The Lunns’ presence in Solo is perceived as “fertile ground” for new growth and prosperity in Java, where unemployment hovers around 30 percent. Three different production factories for Artisan Batiks are now up and running, and 150 batik-related positions have been either sustained or created. As orders pour in, that capacity needs to double. The House of Batik Danar Hadi, established in Solo in 1967, has granted them access to private resources like historical cap and design archives.
The Lunns bring gas masks, gloves, digital scales, thermometers, and soap to improve health and accuracy issues, but the biggest challenge continues to be effective communication across cultures. “How do we encourage the awareness that excellent work today means more orders tomorrow?” Michael wonders. “Did the artisan ‘get it’ or is his head just nodding out of politeness? We have to work against cultural conditioning that discourages asking questions and speaking up. And we have to learn how to ask for things in a Javanese way. To calmly request, not impatiently demand. Many Javanese have gotten the impression from television that all Americans are angry, violent, and carry guns.” The opportunity for rethinking cultural stereotypes flows in both directions.
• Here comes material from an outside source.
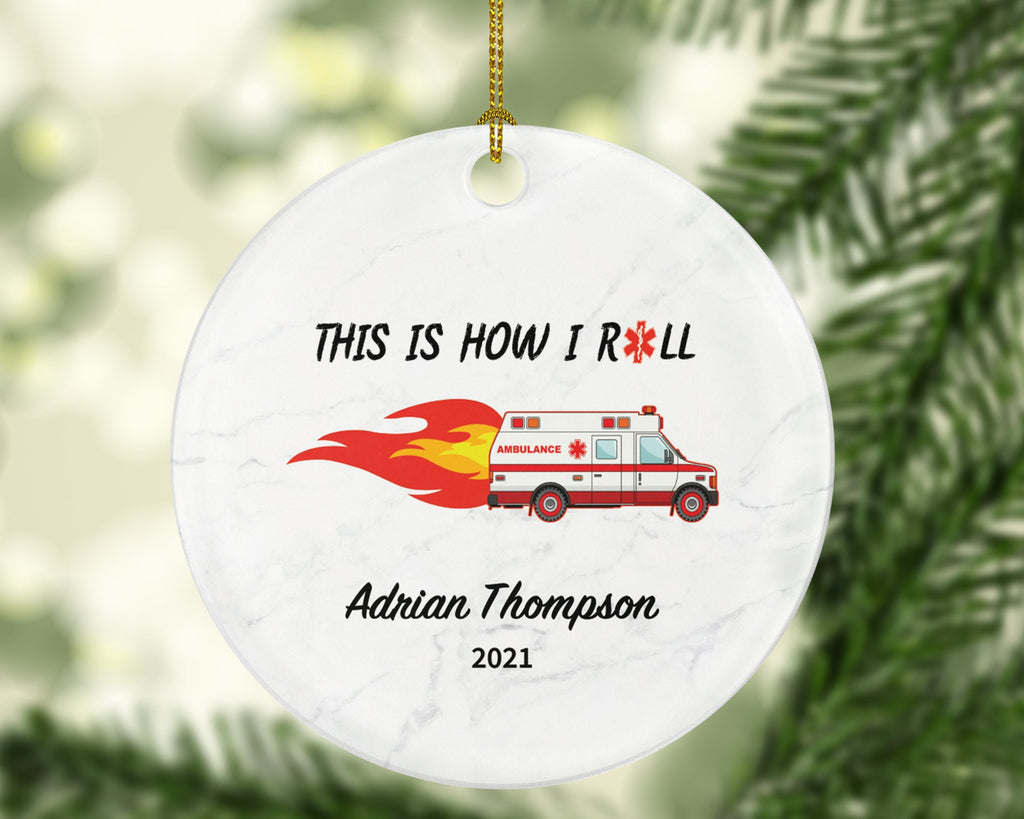 Ambulance Driver Christmas Ornament Personalized - Fist Responder, Ambulance, Ride the EMT Custom Name Year Holiday Gift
“Collaborating with Robert Kaufman and the Javanese,” continues Michael, “is the most natural next step in our evolution. We are now working with hundreds of pairs of hands. We are sharing what we know with people who can really benefit from the information.”
“We are so pleased that this engagement with batik has become so rich on so many levels, because for us there is too much suffering on the planet to just spend our time making art. And quilters will have handmade fabric choices for less than what they paid when we made it ourselves. We hope to bring some really fine work to the United States and find new markets for it, because batik is an art form that is not fully appreciated.”
Those with a deeper interest in the process and its history can read Inger McCabe Elliot’s Batik: Fabled Cloth of Java and then take a tour of the batik cities of Java: Pekalongan, Cirebon, Yogyakarta, and Solo. Batik is the national costume and treasure. Yogya has a batik research center and Danar Hadi offers batik courses at its flagship gallery in Solo.
Once there, and while bargaining for vintage batik in the Pasar Klewer market, think of the Lunns. They may be there too, creating fabric quilters will want to use in their next project– before most even know it themselves.